Mieszkanie na wsi ma wiele zalet a dla mnie jedną z najważniejszych jest mój ekologiczny ogród, z którego owoców i warzyw korzystam wiosną latem i jesienią.
Zakładając sad specjalnie szukałam szkółki ze starymi gatunkami jabłoni, grusz, śliw itp. Jeśli drzewka w danym roku nie owocują mam też wspaniałych sąsiadów, którzy dzielą się nadwyżką swoich zbiorów.
Co u mnie rośnie?
Jabłka, gruszki, śliwki, wiśnie, czereśnie, morele, brzoskwinie, pigwy, orzechy, truskawki, maliny, porzeczki, borówki, aronia, agrest, poziomki.

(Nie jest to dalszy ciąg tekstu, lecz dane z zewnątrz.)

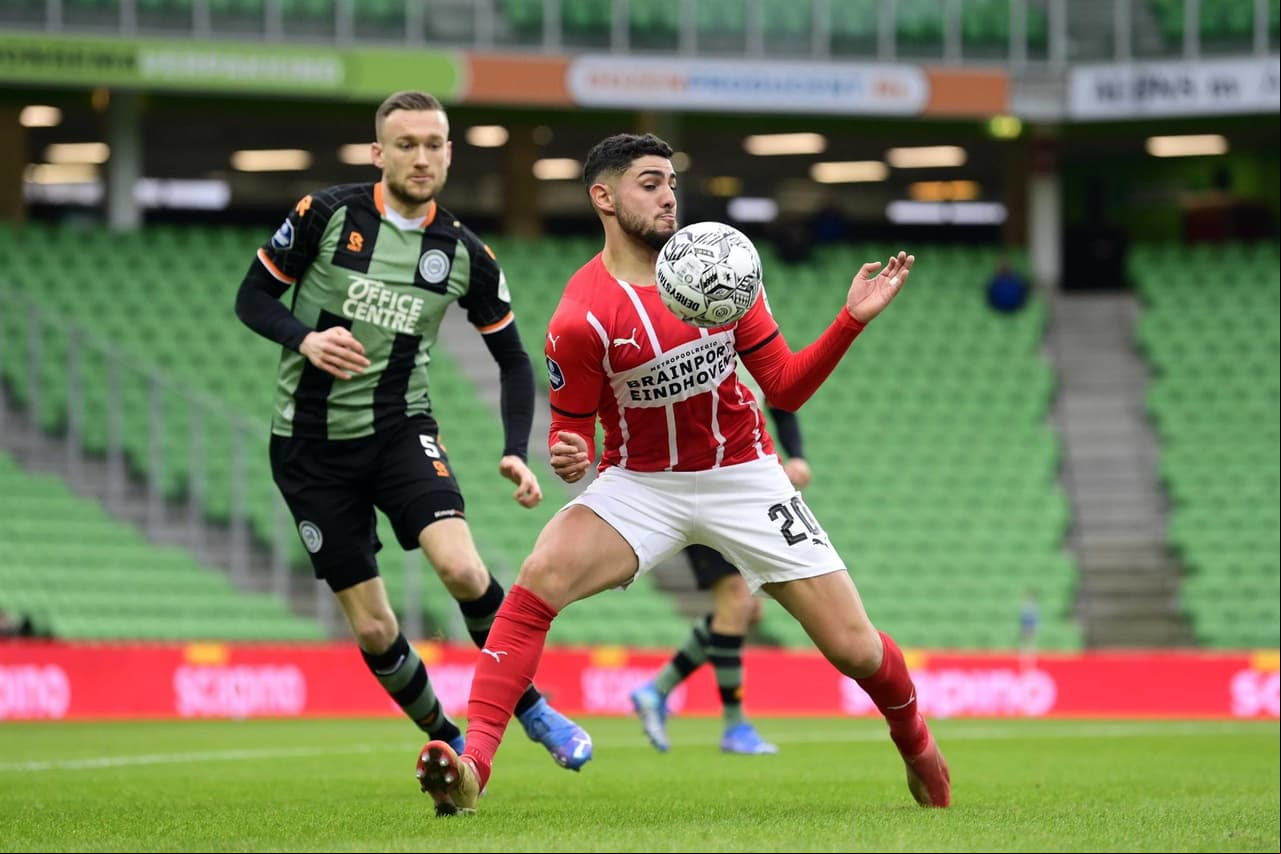PSV se impone al Groningen por la mínima con anotación de Mario Gotze al minuto 10' del encuentro, durante la fecha 19 en la Eredivisie. Erick Gutiérrez fue titular los 90 minutos del encuentro.
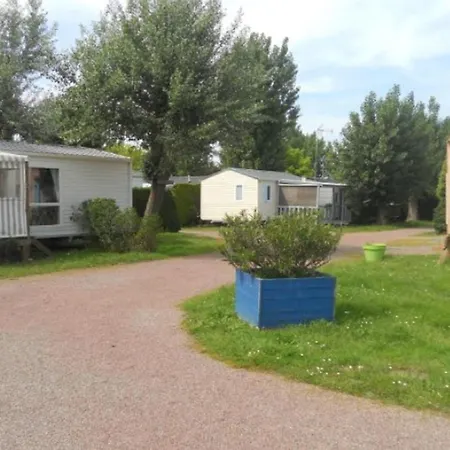 Mobil-home 4 Pers. Avec Terrasse A Notre-dame-de-monts - Api-1-52-946 نوتر دام دي مونتس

Mam też całe pole mniszka lekarskiego, czarny bez i czeremchę. Oprócz tego oczywiście eko warzywa z warzywnika, które używam do mojej zdrowej kuchni. Często też dostaję „dary losu” od sąsiadki, od której kupuję eko jajka. Przyznaję się, że z ogrodnictwa to najbardziej lubię zjadać jego plony 🙂
O ogród dba jeden z moich synów, dla którego ogrodnictwo stało się jedną z pasji. Skutecznie zaraził też zamiłowaniem do botaniki młodszego brata. Rewelacyjnie wychodzi mi za to suszenie ziół 🙂 Kupiłam kiedyś na ryneczku ponad 20 doniczek z ziołami, które zamierzałam posadzić w ogródku. Postawiłam doniczki na stoliku na ganku i na początku regularnie je podlewałam. Po jakimś czasie o nich zapomniałam i uschły. Jak widać nie mam ręki do roślin niestety. Szkoda, że nie widzicie moich parapetów w salonie – nie jestem w stanie nazwać wszystkiego co tam rośnie. Najmłodszy syn wyhodował mi nawet papryczki chilli z pestek, a ostatnio pojawiły się pomidory.